The seminar will appeal to people interested in poetry, migration and translation as well as those who are following the ongoing efforts to translate poems from Over Land, Over Sea: Poems for those seeking refuge (Five Leaves Publication, 2015) into other languages.
The seminar will hear from Journeys in Translation coordinator, Ambrose Musiyiwa, who will give an overview of the initiative; Monica Manolachi, who is coordinating translations into Romanian; and Pietro Deandrea, who translated Over Land, Over Sea into Italian to give us Per terra e per mare: Poesie per chi è in cerca di rifugio which was released from CivicLeicester in September this year.
A number of featured poets will also read their work and respond to the translations. The poets taking part are: Joanne Limburg who contributed “Backscatter Song” (Over Land, Over Sea, p.8) and “So Many Set Out” (p.63); Laila Sumpton who contributed “Landing on Lampedusa” (p.40) and “Please look after this bear” (p.101); and, Sibyl Ruth who translated her great aunt Rose Scooler's poem, from its German original,“Vale Terezin”, into "Goodbye to Theresienstadt" in English for Over Land, Over Sea (p.57).
The readings and discussion will be followed by a Q&A.
Also speaking at the event are: Phil Horspool, Director of the English Language Teaching Unit (ELTU) and Chair of the Leicester University of Sanctuary Steering Group; Chiara Denaro of Watch the Med Alarmphone which runs a self-organized hotline for people in distress in the Mediterranean Sea; and Yagoub Kibeida, Executive Director of Mosaico: Azioni per i Rifugiati, a non-partisan association founded in Turin in 2006 which supports refugees, promotes human rights and disseminates knowledge and information on forced migration.

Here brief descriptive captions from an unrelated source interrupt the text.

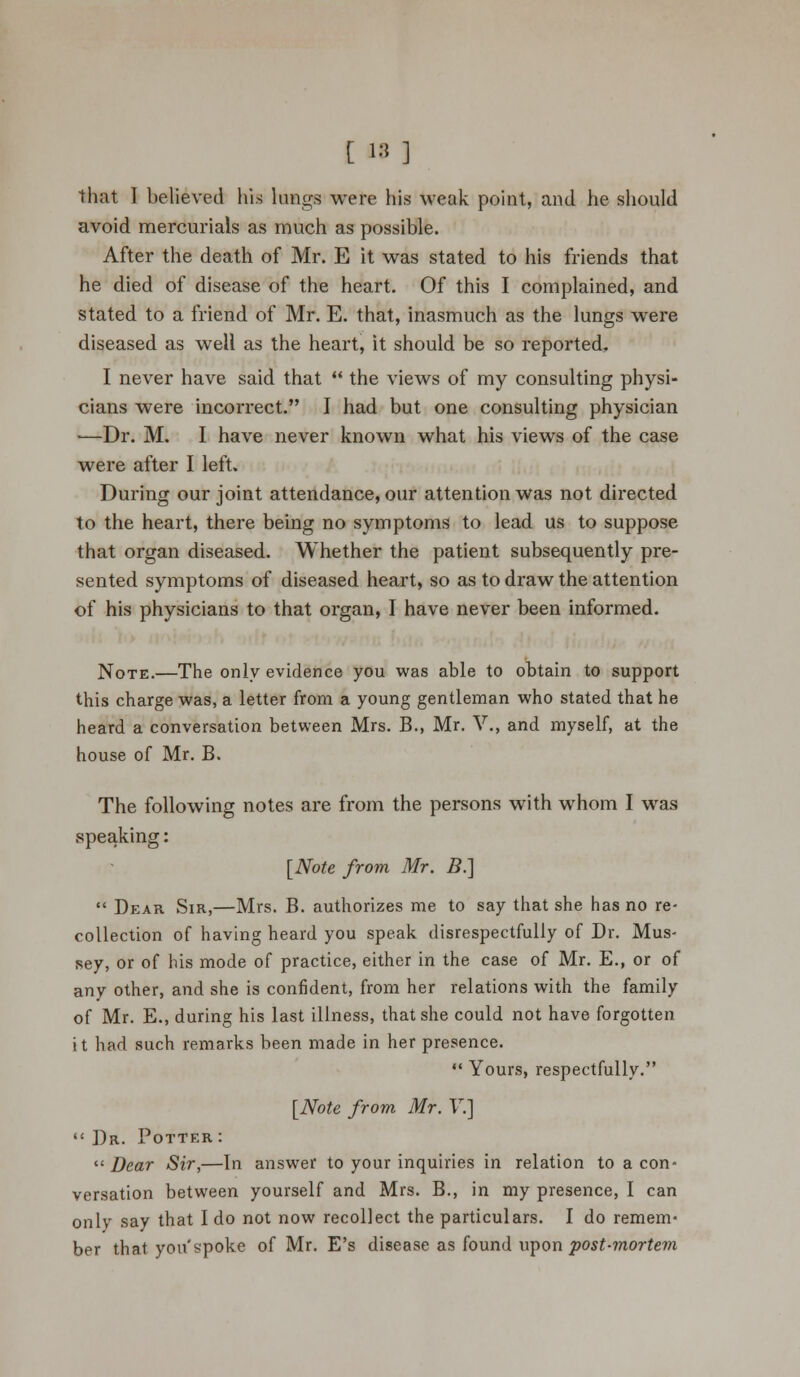 [ 18 ] that I believed his lungs were his weak point, and he should avoid mercurials as much as possible. After the death of Mr. E it was stated to his friends that he died of disease of the heart. Of this I complained, and stated to a friend of Mr. E. that, inasmuch as the lungs were diseased as well as the heart, it should be so reported. I never have said that  the views of my consulting physi- cians were incorrect. I had but one consulting physician —Dr. M. I have never known what his views of the case were after I left. During our joint attendance, our attention was not directed to the heart, there being no symptoms to lead us to suppose that organ diseased. Whether the patient subsequently pre- sented symptoms of diseased heart, so as to draw the attention of his physicians to that organ, I have never been informed. Note.—The only evidence you was able to obtain to support this charge was, a letter from a young gentleman who stated that he heard a conversation between Mrs. B., Mr. V., and myself, at the house of Mr. B. The following notes are from the persons with whom I was speaking: [Note from Mr. B.]  Dear Sir,—Mrs. B. authorizes me to say that she has no re- collection of having heard you speak disrespectfully of Dr. Mus- sey, or of his mode of practice, either in the case of Mr. E., or of any other, and she is confident, from her relations with the family of Mr. E., during his last illness, that she could not have forgotten it had such remarks been made in her presence.  Yours, respectfully. [Note from Mr. V.]  Dr. Potter :  Dear Sir,—In answer to your inquiries in relation to a con- versation between yourself and Mrs. B., in my presence, I can only say that I do not now recollect the particulars. I do remem- ber that you'spoke of Mr. E's disease as found upon post-mortem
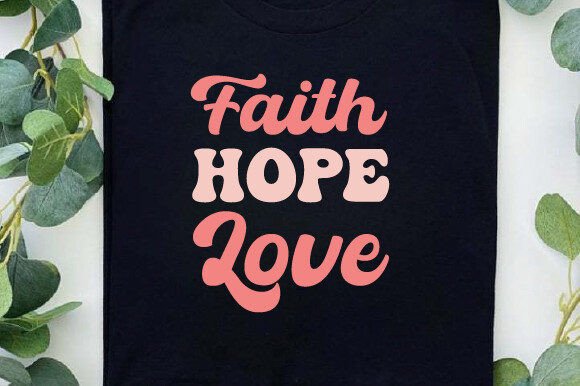 Reviewing Faith Hope Love SVG PNG Sublimation for Real Projects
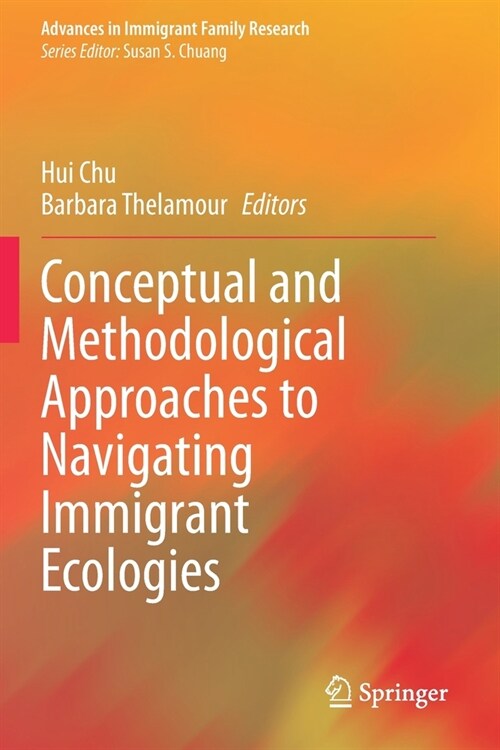 Conceptual and Methodological Approaches to Navigating Immigrant Ecologies (Paperback)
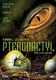 Pterodactyl – Szárnyas gonosz (2005)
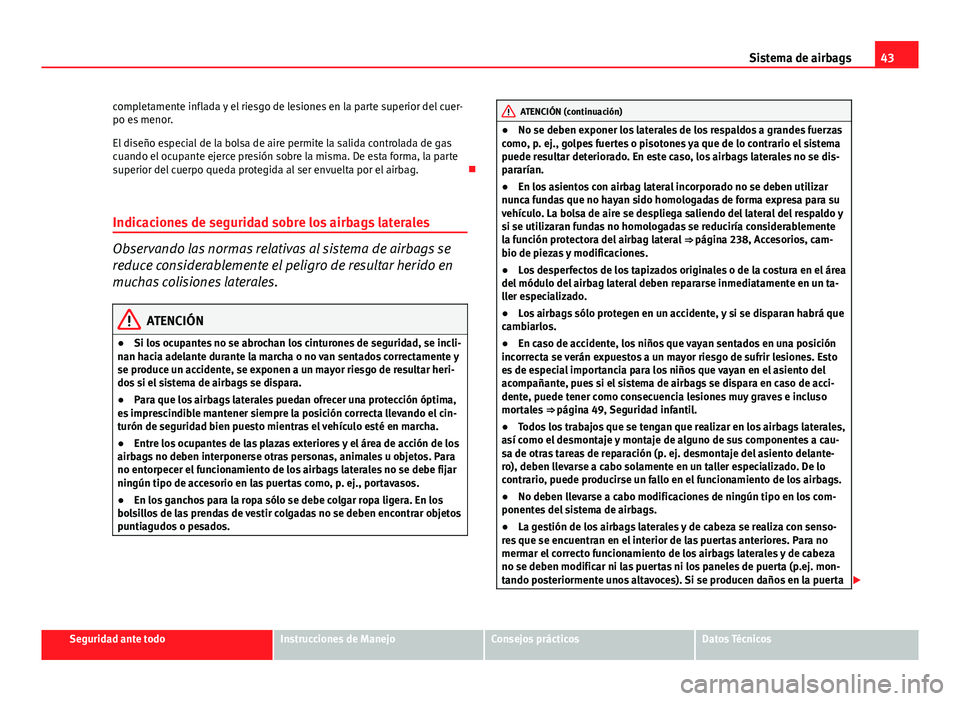 Seat Exeo ST 2013 Manual de instrucciones (in Spanish) 43
Sistema de airbags
completamente inflada y el riesgo de lesiones en la parte superior del cuer-
po es menor.
El diseño especial de la bolsa de aire permite la salida controlada de gas
cuando el oc Seat Exeo ST 2013 Manual de instrucciones (in Spanish) 43
Sistema de airbags
completamente inflada y el riesgo de lesiones en la parte superior del cuer-
po es menor.
El diseño especial de la bolsa de aire permite la salida controlada de gas
cuando el oc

The event builds on the Journeys in Translation seminar that was held at the University of Leicester in November 2017 which looked at poetry, migration and translation and featured contributions from a number of poets and translators involved with the initiative and University of Leicester staff and students.
2. Titled Axis Press has launched a call for essays on the topic, "What does it mean to decolonise translation?"
In recent years, there has been a growing conversation re-evaluating the way literature is written, published and read in the Anglophone world, pushing for a dismantling of the idea of a Western canon, and questioning the dominance of English-language writing in representing places and communities. Where do we go from here, and what are the implications for literary translation? What happens when we cast a critical eye over what is and isn’t considered literature, what is translated into which language and why, how translation is carried out, by whom and for whom? Most professional translators and editors in the anglosphere remain white — but is it enough to call for more diversity in this area, especially if the intended readers remain white, and given that the very concept of professionalisation is entangled with imperialism? Is the idea of decolonising translation, particularly into English, a contradiction?
These are some of the questions editors Kavita Bhanot and Jeremy Tiang will be asking in this anthology to be published by Tilted Axis Press in 2022, with the support of the National Centre for Writing’s Visible Communities programme. We are calling for pieces with an emphasis on practice that discuss, explore and question what, if anything, it might mean to decolonise translation, by those who engage with literary translation in any form. These may take the form of essays, or may be more generically varied — feel free to surprise us. We envision the pieces mostly falling in the range of 3,000 to 5,000 words, but don’t let this constrain you.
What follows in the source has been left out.